I'm having a bit of confusion about how can I retrieve all the genes that are associated to a specific gene ontology.
Lets say I need to find all the genes that are associated with this GO entry:
GO:0030098 lymphocyte differentiation
This is the graph representing the parents of my GO. In the same page I find the Child Terms that represent the children of my term.
Now, I can download the goa file (related to the organism I'm interested into) containing the GO associations and grep my term to extract a list of associated genes but, as far as I can understand, this list does not represent the whole graph that actually describe my GO term.
Should I also get the genes in the childred terms of my term? Or in the parents terms? If yes, then again I have to go back in the graph and find the parents/children of the found parents/children and so on, till the whole graph is visited.
Is this the correct approach?

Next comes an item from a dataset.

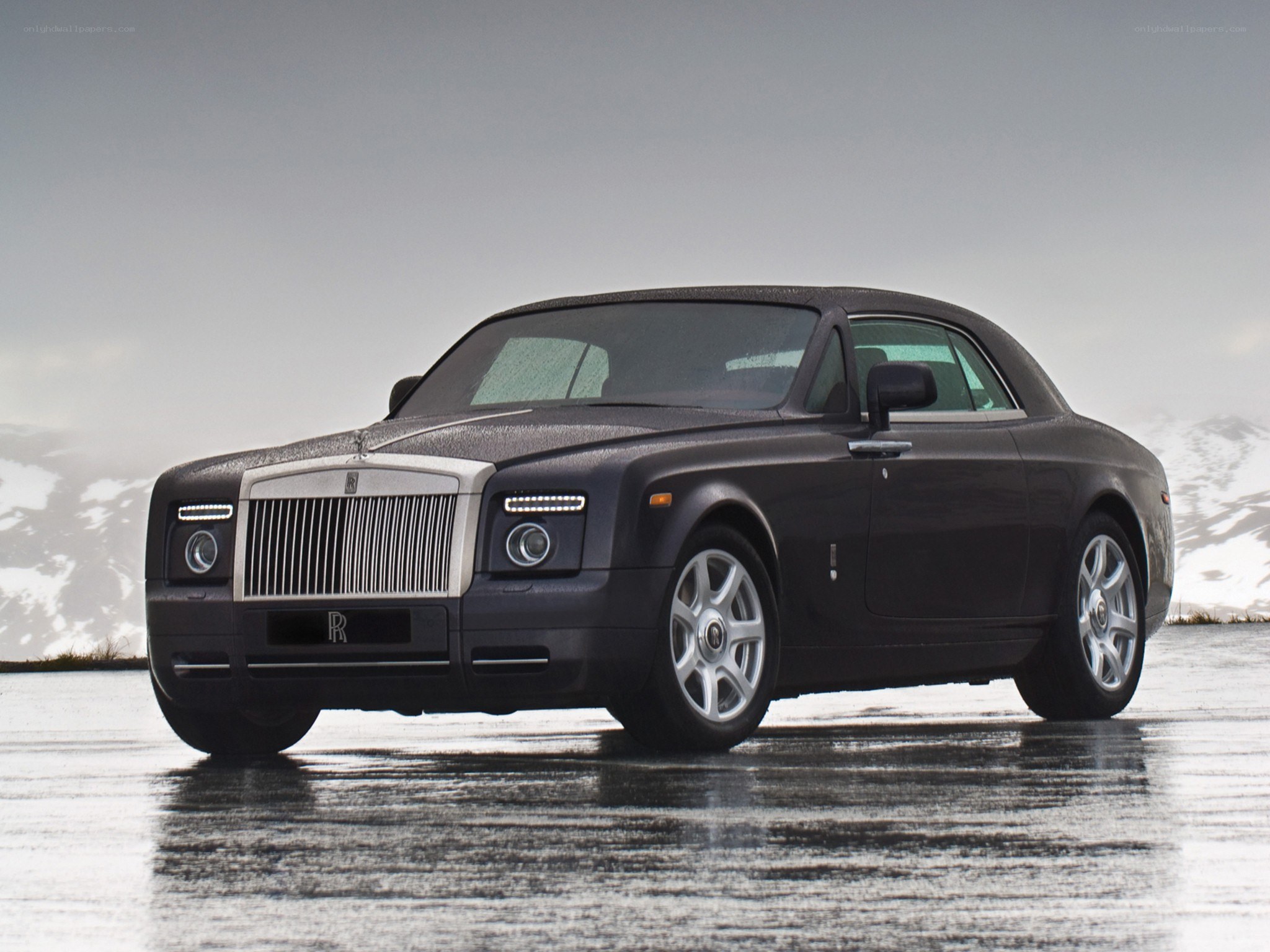 Black Rolls-Royce on wet road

Or should I only focus on those genes related to my GO:0030098, and that's it?
I found this: Retrieving a list of human genes having GO associations and this but I think they don't address my question since they do not describe the parent-children association.
Also I found this, on the GO FAQ, but what I need to do is quite the opposite.
Summarising: I need to find the genes associated to a specific GO term. Should I also look for its parents or children or not?
Any clues?
according to this link http://www.geneontology.org/page/ontology-structure it seems that some kind of association may appear between different branches.
– gabt Nov 08 '18 at 09:33A term may have more than one parent term, but if it's associated with a gene then everything about that term is associated with the gene. The term is not associated with the gene via parent X or parent Y, it means that both are relevant. So if the child term is associated with the gene, then the parent term is by proxy.